Experiments were collected on a Bruker Avance DRX 500 MHz spectrometer equipped with a 5 mm inverse triple-resonance (¹H, ¹³C, ¹⁵N) cryoprobe with a z-axis gradient. A Bruker BACS-120 sample changer and ICON-NMR software were used to automate data collection. A 2D gradient-enhanced ¹H-¹³C HSQC (hsqcetgp) was collected for each sample. Spectra were collected with 128 scans and 16 dummy scans over a uniform grid of 1024 and 32 complex points along the ¹H and ¹³C dimensions, respectively. Spectral windows were set to 2,359 ± 2,367 Hz along ¹H and 8,174 ± 8,803 Hz along ¹³C. All spectra were collected at a sample temperature of 293 K.

3.3 NMR processing and multivariate analysis

All processing, treatment and statistical modeling was performed in GNU Octave 3.6 [22] using routines currently available in the MVAPACK toolbox for NMR chemometrics [23]. The 2D raw serial files were loaded [24], apodized with a squared-sine window, zero-filled once along ¹H and twice along ¹³C, and Fourier-transformed. Spectra from the liver cell extracts were manually phase-corrected and cropped (1.0 – 6.6 ppm along ¹H; 16 – 112 ppm along ¹³C), and spectra from the MEF extracts were similarly phase-corrected and cropped (1.25 – 6.2 ppm along ¹H; 8 – 102 ppm along ¹³C). Both uniform and GAI-binning were performed on each data tensor using minimum ¹H and ¹³C bin widths of 0.025 ppm and 2.5 ppm, respectively, and a GAI resolution parameter of 0.1. Binned regions identified to be less intense than three times the standard deviation of the spectral noise (k = 3) were removed after binning. The mean spectrum of the entire processed liver dataset, superimposed with bins identified by both uniform and GAI-binning, is shown in Figure 2.

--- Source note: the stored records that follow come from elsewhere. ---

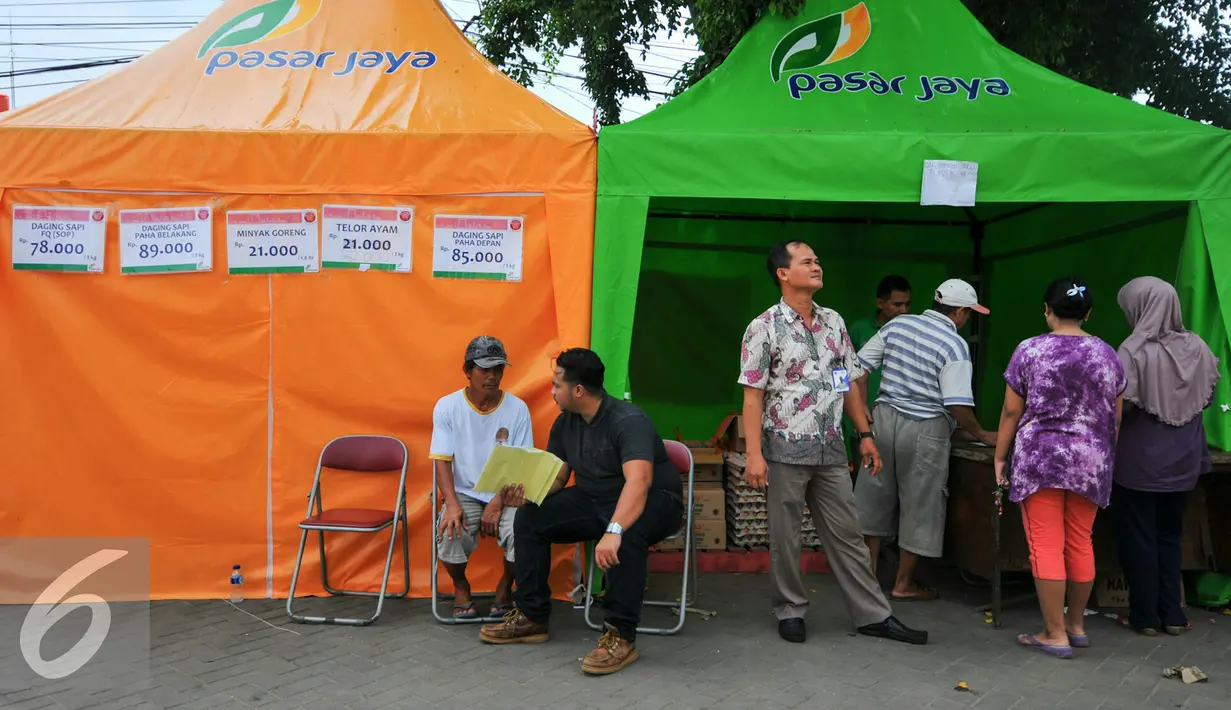 PD Pasar Jaya menggelar operasi pasar murah di 20 titik pasar pada bulan Ramadan di wilayah Jakarta, Kamis (9/6/2016). Operasi pasar sendiri digelar mulai 4 Juni hingga 17 Juli mendatang. (Liputan6.com/Yoppy Renato)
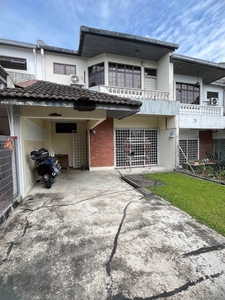 Double Storey Terrace House in Taman Daya Jalan Rumbia For Sale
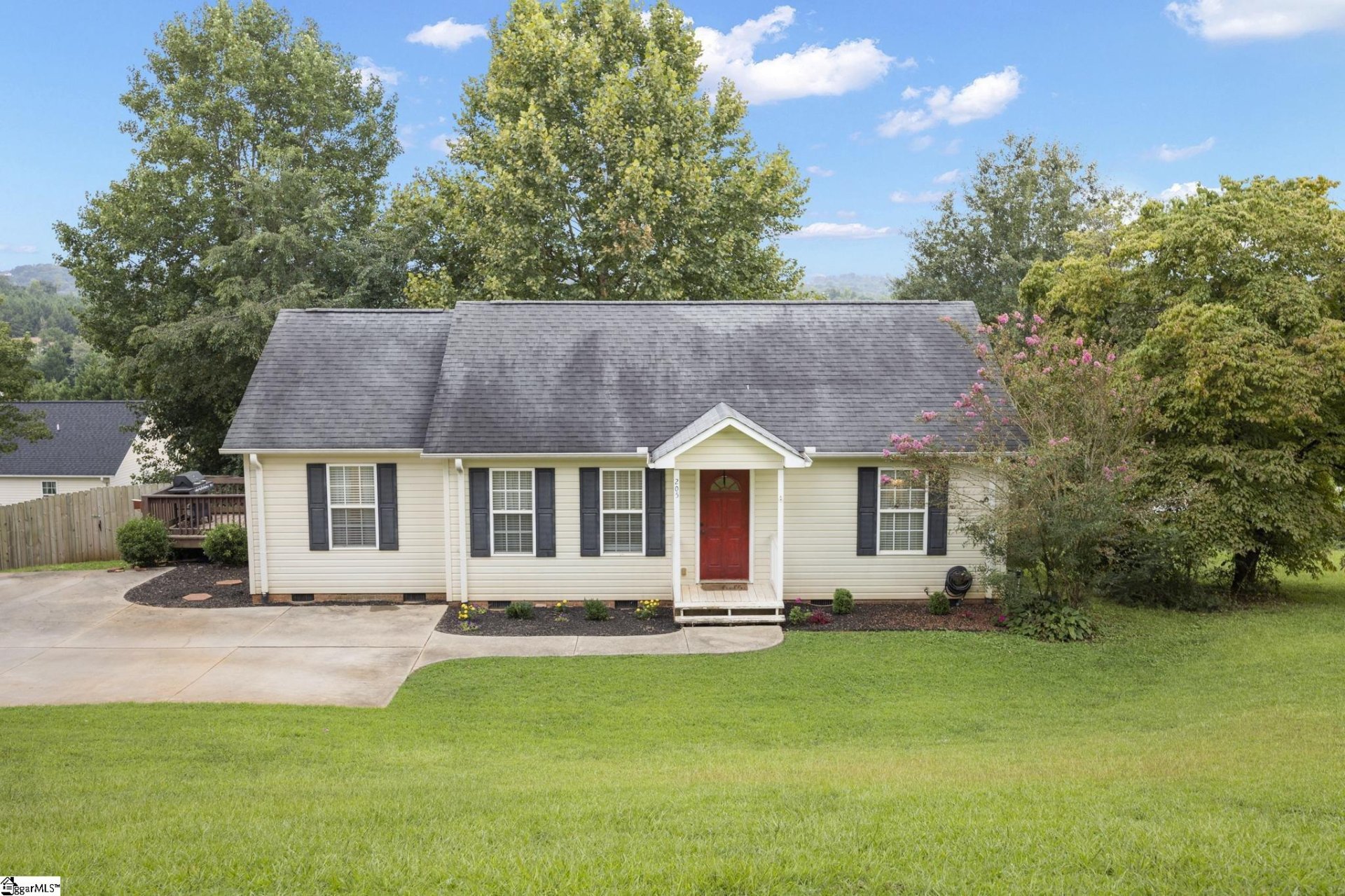 Property image 1 at 205 Hickory Drive, Pickens, SC 29671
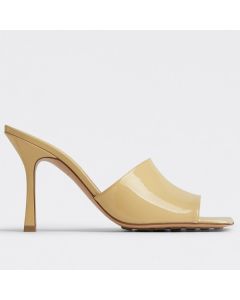 Bottega Veneta Stretch Mules 90mm Beige Patent Leather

Processed ¹H-¹³C HSQC mean spectrum of the liver data tensor, with overlaid uniform **(A)** and GAI **(B)** bin boundaries. The dataset was binned with minimum bin widths along ¹H and ¹³C of 0.025 ppm and 2.5 ppm, respectively. Retained bins all have maximum intensities no less than three times the standard deviation of the noise floor.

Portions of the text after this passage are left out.